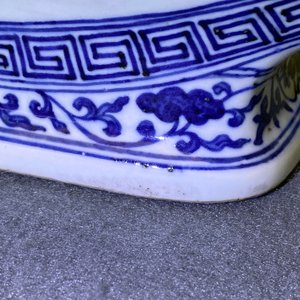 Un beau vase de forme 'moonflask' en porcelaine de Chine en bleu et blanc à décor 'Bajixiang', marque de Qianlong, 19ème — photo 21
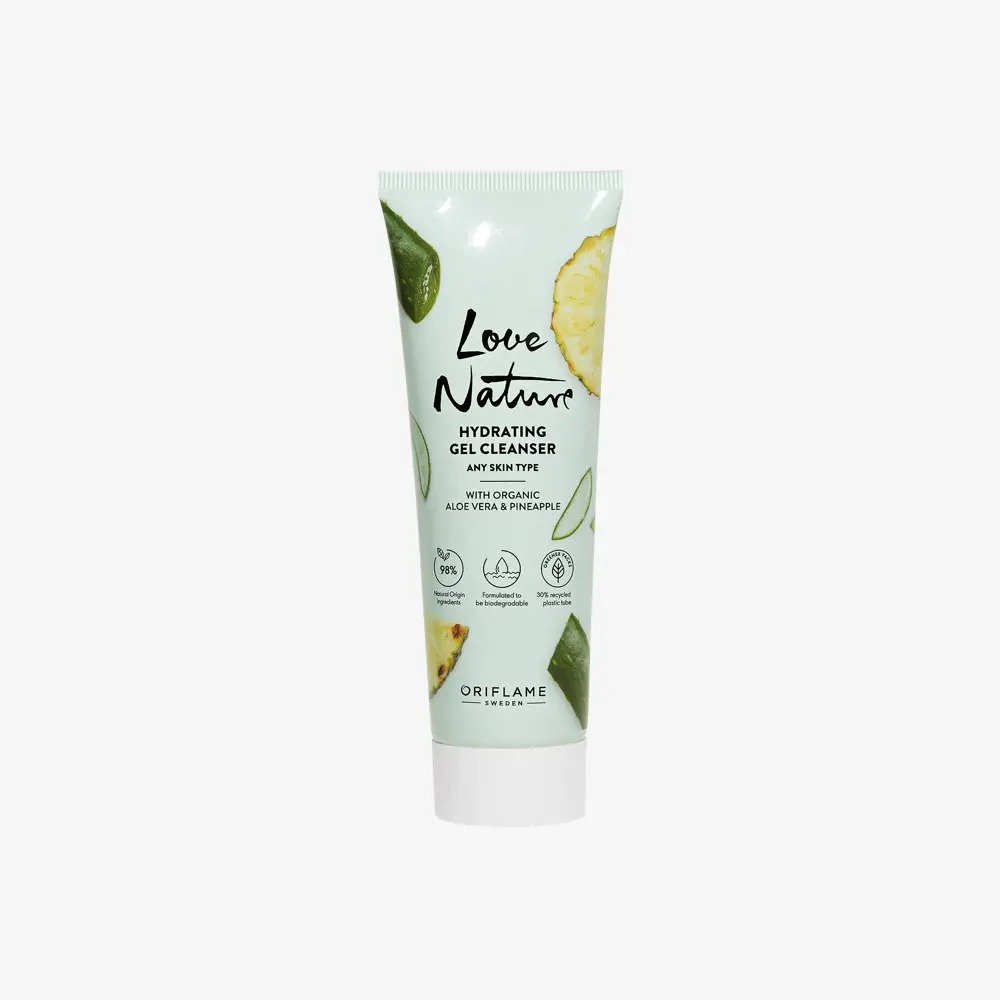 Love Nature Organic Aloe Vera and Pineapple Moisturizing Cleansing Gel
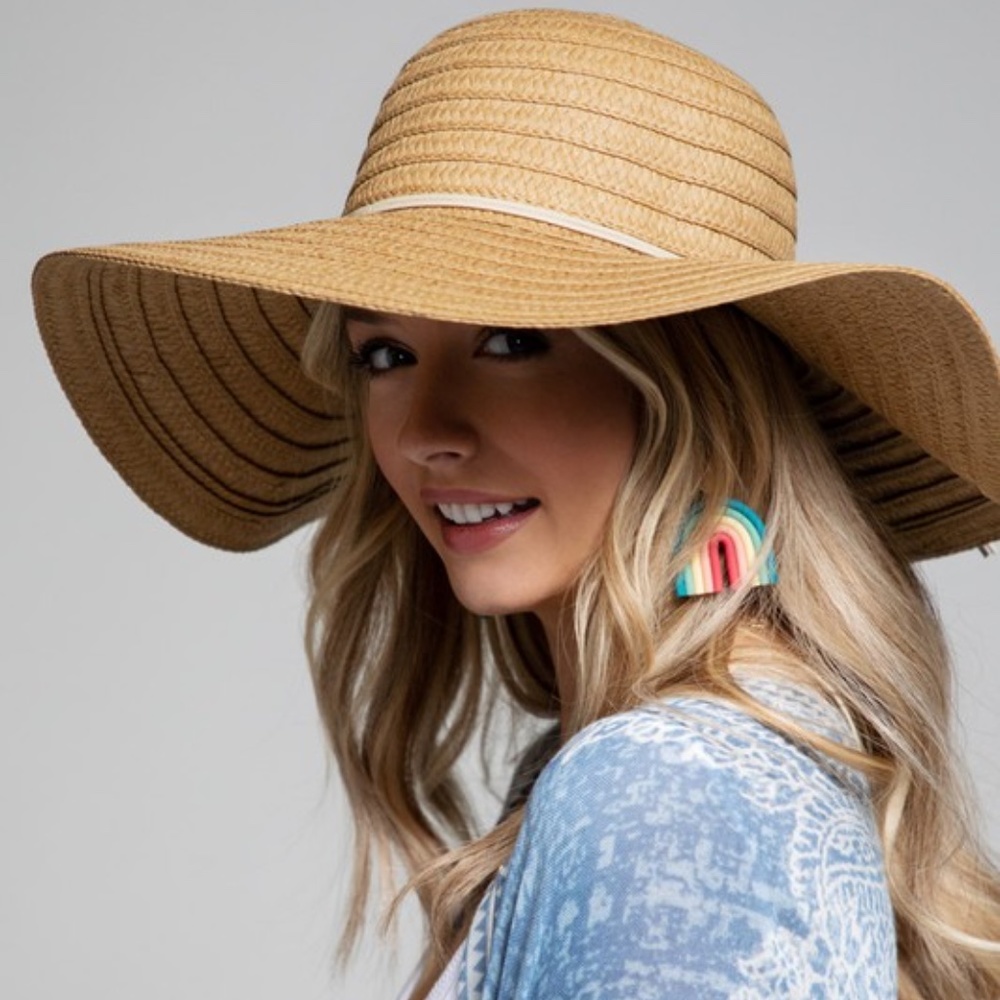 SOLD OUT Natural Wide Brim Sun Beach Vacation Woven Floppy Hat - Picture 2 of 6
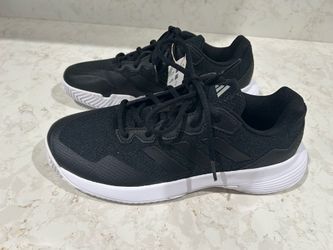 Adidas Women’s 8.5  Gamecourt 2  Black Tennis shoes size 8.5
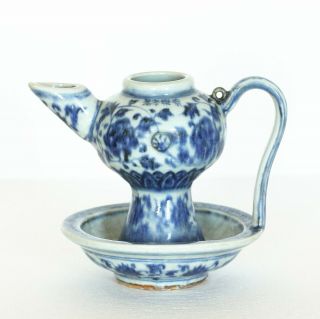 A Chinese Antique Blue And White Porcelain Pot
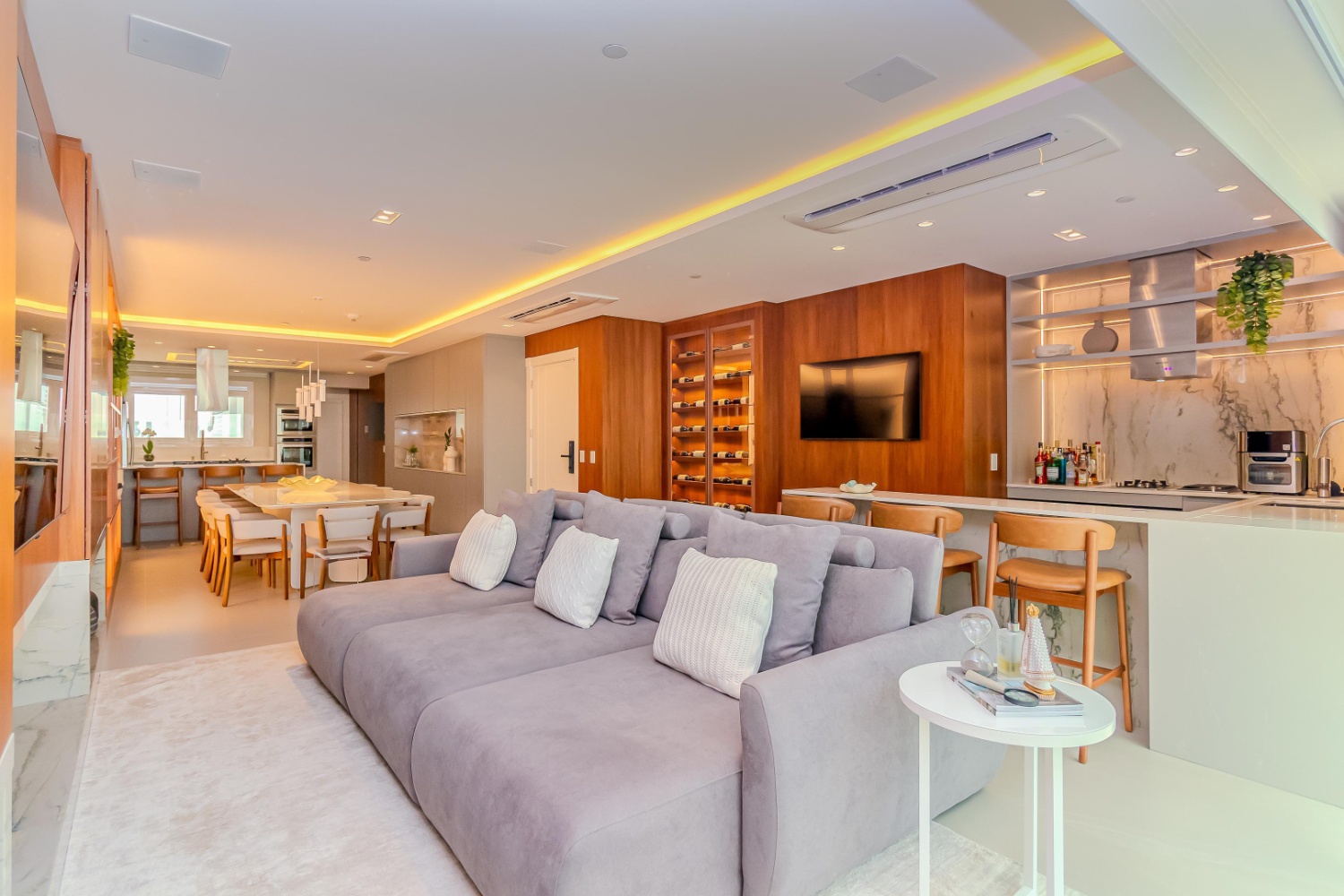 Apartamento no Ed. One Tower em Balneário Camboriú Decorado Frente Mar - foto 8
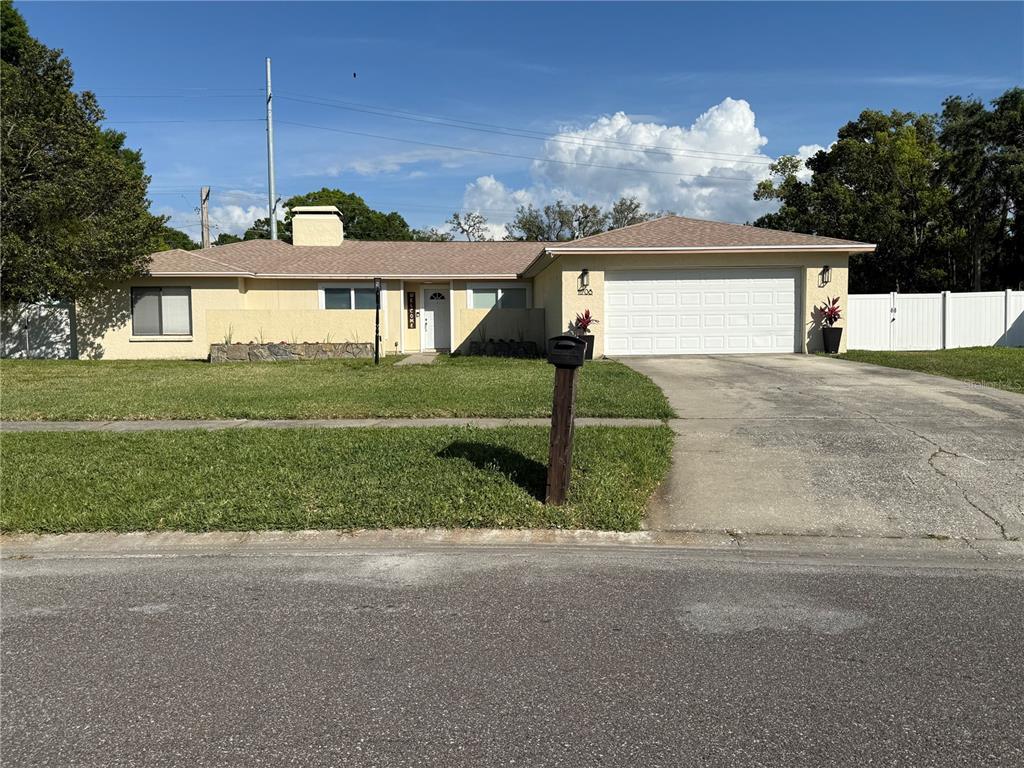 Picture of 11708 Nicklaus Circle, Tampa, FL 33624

== TASK REQUIREMENTS ==
With the images omitted, return the full material exactly.

== ANSWER BOX ==
 Un beau vase de forme 'moonflask' en porcelaine de Chine en bleu et blanc à décor 'Bajixiang', marque de Qianlong, 19ème — photo 21
 Love Nature Organic Aloe Vera and Pineapple Moisturizing Cleansing Gel
 SOLD OUT Natural Wide Brim Sun Beach Vacation Woven Floppy Hat - Picture 2 of 6
 Adidas Women’s 8.5  Gamecourt 2  Black Tennis shoes size 8.5
 A Chinese Antique Blue And White Porcelain Pot
 Apartamento no Ed. One Tower em Balneário Camboriú Decorado Frente Mar - foto 8
 Picture of 11708 Nicklaus Circle, Tampa, FL 33624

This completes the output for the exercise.